I'd really need to get some best practices in place for administering these boxes. Any suggestions to remove some of the pain would be most welcome!

You are already using them: ssh, scp, wget and vim. Those are not pain. There might be some teething pains, while you figure out how powerful they are. But, to bring the Windows analogy back, I feel seriously hampered when I have to use a Windows box. For you it's the other way around. It's just what you are used to. So, give it some time and it'll come to you.

You mentioned already ssh, vim and wget which is essential and perfect. Some additional tools that can make life easier:

1. GNU Screen

"GNU Screen is a free terminal multiplexer that allows a user to access multiple separate terminal sessions inside a single terminal window or remote terminal session. It is useful for dealing with multiple programs from the command line, and for separating programs from the shell that started the program." (From the GNU Screen page on Wikipedia)

A main advantage is that you can have one or several virtual terminals that are in the exactly same state as you left them when you come back (i.e. relogin via ssh). This is also good when your connection is broken for some reason.

Screen works indepently from the software you use to connect to the box (it lives on the server), so it combines well with putty or most other terminal software.

This article shows some nice things you can do with it: http://www.pastacode.de/extending-gnu-screen-adding-a-taskbar/en/

2. Midnight Commander

A console based graphical-like browsing tool for viewing and manipulation of files and directories. Can also do secure remote transfers.

3. rsync

For fast, secure and reliable file transfer and synchronization between different locations

4. VCS

Use of a distributed version control system like bazaar, mercurial or git to update code. Github or Bitbucket offer commercial code hosting, but it is not necessary, you can also use it efficiently on your own machines.

Joseph Kern: can you elaborate how you exactly use git for remote config organization?

5. Terminal Clients

On Unix-like-systems they are already on board, on Windows you can use Putty, Tera Term, Mind Term or Pandora. Or make a Cygwin installation and ssh from the Cygwin terminal windows to the remote boxes (which has more advantages but this is a question of what you prefer).

6. Tunneling and Port Forwarding

It can be helpful to forward certain ports securely to your local machine. For example you could forward the MySQL port TCP 3306 or postures TCP 5432 and install some database administration tool locally.

You can build tunnels from Windows machines with putty (or command line based with it's little brother plink), with Cygwin and Mindterm also can do port forwarding. If you are locally on a Unix-like machine you can use ssh odr plink to create such tunneling.

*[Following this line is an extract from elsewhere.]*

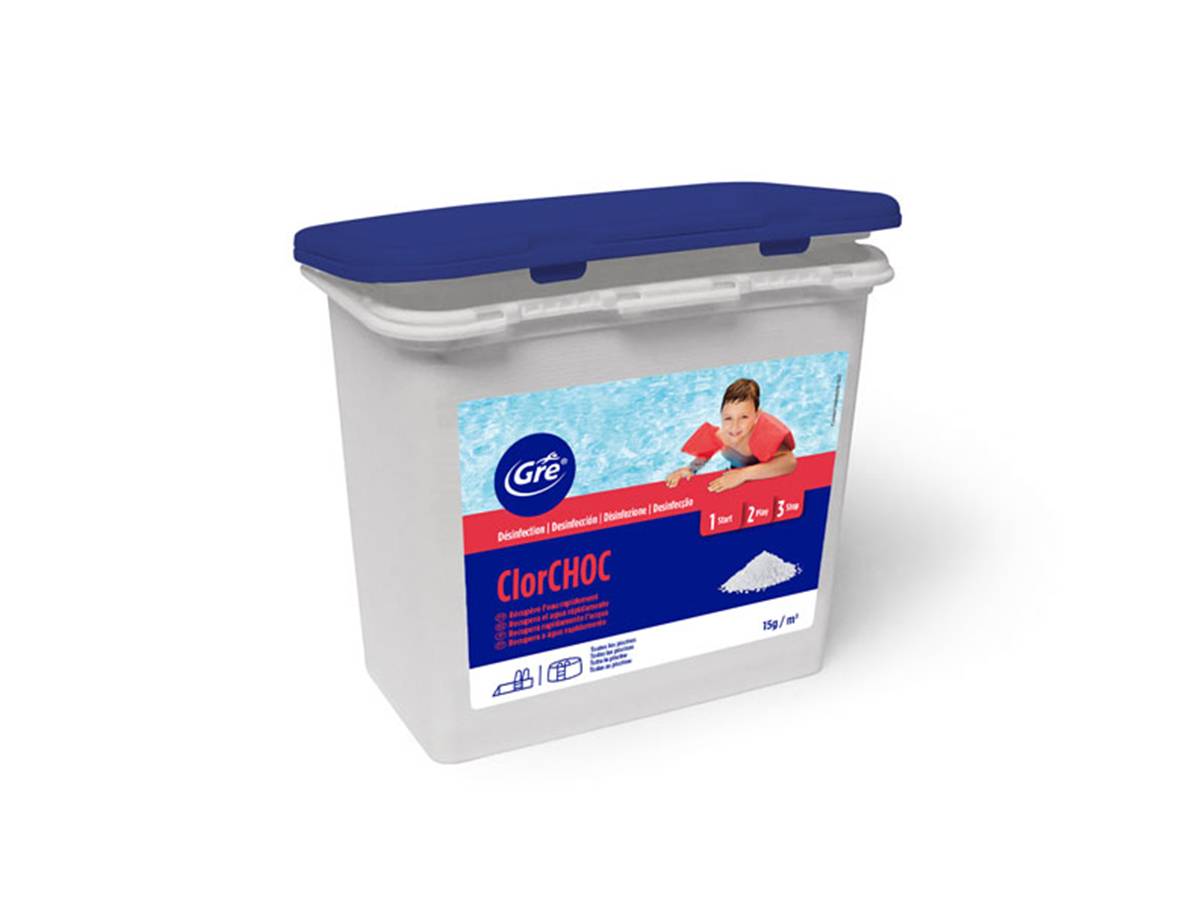 Chlore choc granulés 1 kg - Gré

To create some more stable and permanent tunneling for various ports I recommend OpenVPN. The "pre-shared-key" tunneling method from point to point is not so hard to install.

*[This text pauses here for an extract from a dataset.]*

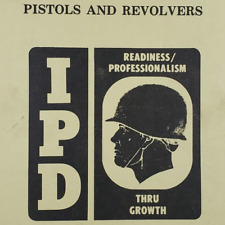 Pistols Revolvers Army Course Book 1980s Fort Benning Infantry School IPD U232 picture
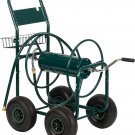 Garden Hose Reel Cart, Lawn Water Planting Cart with Wheels, Heavy Duty Outdoor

7. Have a local Unix-like system

When your local machine is a Mac you have this already, you can open a local shell. When your workstation is windows-based it could be helpful to create a local Unix-like server, which is in the same local network. This can be a different machine in a different room connected to the same router or switch. Or if you want only one machine, you can install the free VMware server and make a virtual machine, preferably the same operating system as your remote machine. Install a samba server on it and you can "net use" the samba shares from your desktop.

If you an ssh server on the local server and open port 22 on your router for it you can ssh into your local system when you are outside.

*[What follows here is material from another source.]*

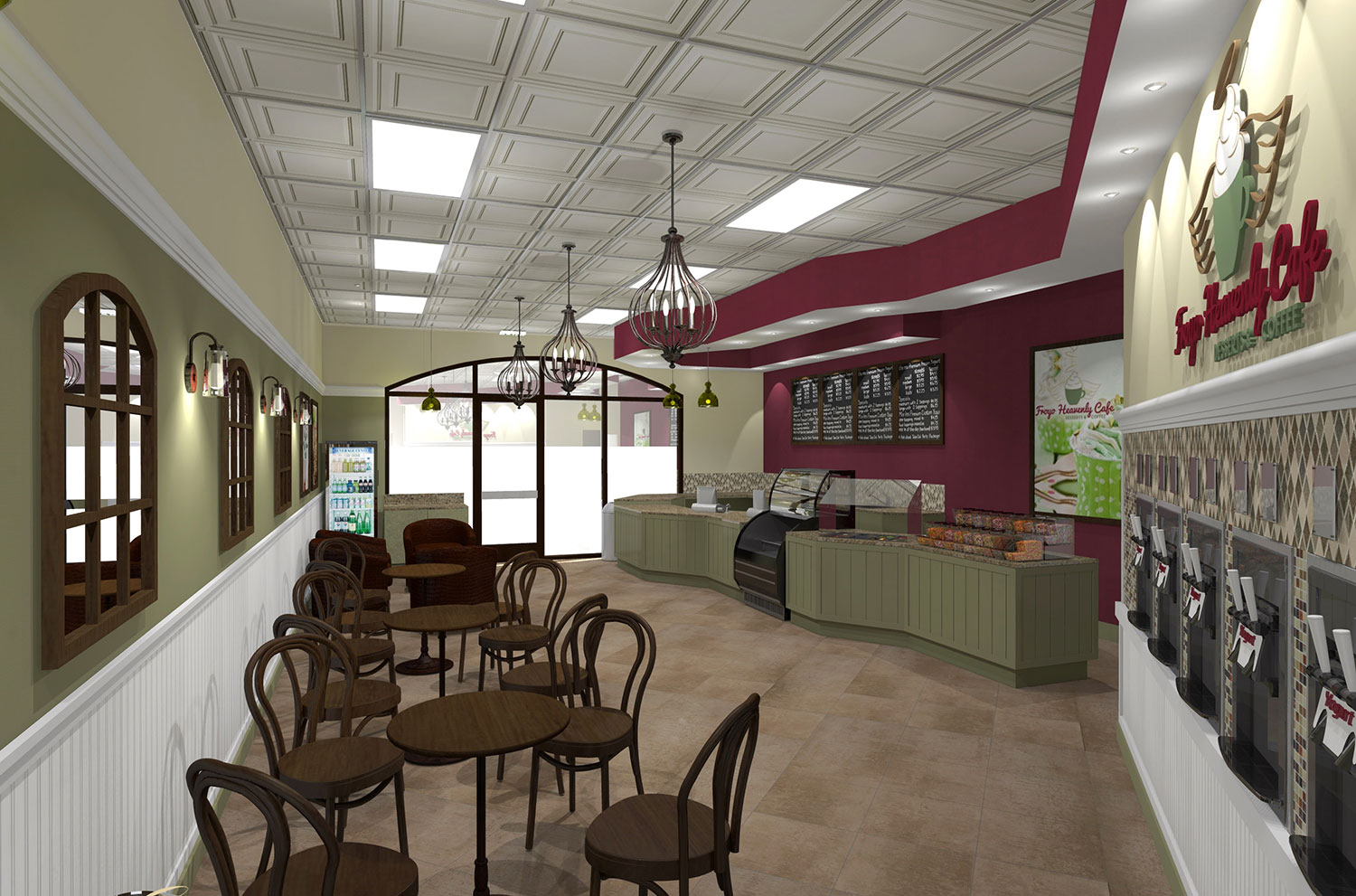 Cafe FroYo Heavenly Interior Design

You can build tunnels to remote machines or transfer and synchronize files and whole file trees with rsync. You can use it for testing, for VSC, for local development, as a local webserver, for training purposes.

You can pull backups from remote machines. You can create local cron jobs that do the backups automatically (e.g. databases you want to save locally regularly)

Server does not boot  problems

This is the most difficult to troubleshoot problem with remote autonomous servers. And you are lucky if DRAC/ILO works because Murphy's Laws apply. 

The most common reason of the server that is previously operational to boot to safe mode is change of /etc/fstab that contains an error and was not checked after after it was made. In this case the server boot to safe mode with root filesystem mounted read-only. See

Other possible reasons include

As with any complex error it is prudent to have a baseline of the server at some local storage pools.  As access is via DRAC or ILO only it is also prudent to log your actions via script.  In you do some destructive commands like rm or chmod or find with exec option test such a command on local server dfirst. Experiment on remote server can make bad problem even worse.

See Sysadmin Horror Stories

Usage of DRAC in command line console mode

Even when you can't connect to the server it is safer to work with command like console via Teraterm then with gui console. And both DRAC and ILO allow such a mode. In this case you can cut and paste commands from your records or from the Web minimizing possible errors. You can also log everything that you do via Teraterm log facility or some similar method. Don't be blindly changed to GUI console.

On Dell default setting of both server BIOS and DRAC allow usage of serial console via ssh.

Here are several links

I have a dell R710 with the idrac express with versions 1.2 firmware. I can login to the idrac via the web interface. I configured the idrac express according to:

http://support.dell.com/support/edocs/software/smdrac3/idrac/idrac12mono/en/ug/pdf/ug.pdf

Page 86 "Configuring iDRAC6 for Viewing Serial Output Remotely Over SSH/Telnet"

I can ssh in to the idrac, I then execute the command according to the manual:

/admin1-> console com2

I get the message:

Connected to Serial Device 2. To end type: ^\

At this point my login is hung, no output and executing the "^\"  does nothing, I have to kill my ssh session.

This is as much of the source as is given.